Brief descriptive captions
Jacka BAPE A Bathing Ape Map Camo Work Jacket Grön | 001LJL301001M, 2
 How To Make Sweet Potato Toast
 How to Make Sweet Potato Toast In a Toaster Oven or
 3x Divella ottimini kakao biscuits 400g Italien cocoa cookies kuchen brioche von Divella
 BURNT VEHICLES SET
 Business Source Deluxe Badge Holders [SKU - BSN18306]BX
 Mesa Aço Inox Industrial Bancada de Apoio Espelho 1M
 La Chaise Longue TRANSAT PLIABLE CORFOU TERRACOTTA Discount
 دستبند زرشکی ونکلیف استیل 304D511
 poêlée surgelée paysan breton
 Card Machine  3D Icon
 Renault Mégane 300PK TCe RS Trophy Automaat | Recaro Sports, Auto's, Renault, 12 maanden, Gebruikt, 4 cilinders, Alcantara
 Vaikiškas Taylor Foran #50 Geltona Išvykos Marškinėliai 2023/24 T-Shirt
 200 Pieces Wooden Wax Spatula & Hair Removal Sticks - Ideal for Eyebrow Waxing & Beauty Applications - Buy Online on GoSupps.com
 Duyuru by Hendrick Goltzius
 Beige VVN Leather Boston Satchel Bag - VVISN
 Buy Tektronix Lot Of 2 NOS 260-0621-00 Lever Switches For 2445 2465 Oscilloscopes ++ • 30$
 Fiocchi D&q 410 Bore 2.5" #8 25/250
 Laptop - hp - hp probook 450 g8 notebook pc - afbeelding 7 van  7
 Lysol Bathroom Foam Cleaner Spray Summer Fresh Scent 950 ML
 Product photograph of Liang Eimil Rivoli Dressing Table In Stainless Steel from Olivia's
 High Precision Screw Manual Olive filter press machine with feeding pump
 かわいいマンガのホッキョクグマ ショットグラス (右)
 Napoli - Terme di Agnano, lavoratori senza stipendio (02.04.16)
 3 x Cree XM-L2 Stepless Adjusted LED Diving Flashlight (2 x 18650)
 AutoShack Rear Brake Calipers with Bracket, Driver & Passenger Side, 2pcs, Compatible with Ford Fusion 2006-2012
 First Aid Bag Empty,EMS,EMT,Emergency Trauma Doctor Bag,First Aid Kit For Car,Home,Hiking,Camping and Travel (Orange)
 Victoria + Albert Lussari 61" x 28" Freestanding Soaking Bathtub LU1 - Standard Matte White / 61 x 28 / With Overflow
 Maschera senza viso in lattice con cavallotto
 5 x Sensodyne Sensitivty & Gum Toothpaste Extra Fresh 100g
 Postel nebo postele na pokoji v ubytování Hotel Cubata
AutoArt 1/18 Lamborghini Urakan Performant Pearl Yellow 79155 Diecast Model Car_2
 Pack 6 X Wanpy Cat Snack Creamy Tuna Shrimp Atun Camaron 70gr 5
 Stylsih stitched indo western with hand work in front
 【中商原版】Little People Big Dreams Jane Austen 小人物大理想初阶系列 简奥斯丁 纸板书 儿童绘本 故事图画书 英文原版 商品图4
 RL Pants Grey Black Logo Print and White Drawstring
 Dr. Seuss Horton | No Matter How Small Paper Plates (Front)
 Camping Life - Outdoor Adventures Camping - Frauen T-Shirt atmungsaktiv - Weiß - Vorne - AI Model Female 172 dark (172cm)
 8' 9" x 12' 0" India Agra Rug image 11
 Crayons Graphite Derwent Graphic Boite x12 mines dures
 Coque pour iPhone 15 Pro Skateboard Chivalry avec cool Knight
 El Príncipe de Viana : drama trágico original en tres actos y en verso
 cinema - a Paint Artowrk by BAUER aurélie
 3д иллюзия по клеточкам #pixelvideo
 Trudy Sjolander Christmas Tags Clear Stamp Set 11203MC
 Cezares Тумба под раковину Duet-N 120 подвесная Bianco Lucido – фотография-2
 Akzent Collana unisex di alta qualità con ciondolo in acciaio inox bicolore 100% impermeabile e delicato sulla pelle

> [Directions]:
Give back, exactly as written, the stretch from the line with "Dr. Seuss Horton" through the line with "Coque pour iPhone", and no other lines from the records above.

> [Result below]:
 Dr. Seuss Horton | No Matter How Small Paper Plates (Front)
 Camping Life - Outdoor Adventures Camping - Frauen T-Shirt atmungsaktiv - Weiß - Vorne - AI Model Female 172 dark (172cm)
 8' 9" x 12' 0" India Agra Rug image 11
 Crayons Graphite Derwent Graphic Boite x12 mines dures
 Coque pour iPhone 15 Pro Skateboard Chivalry avec cool Knight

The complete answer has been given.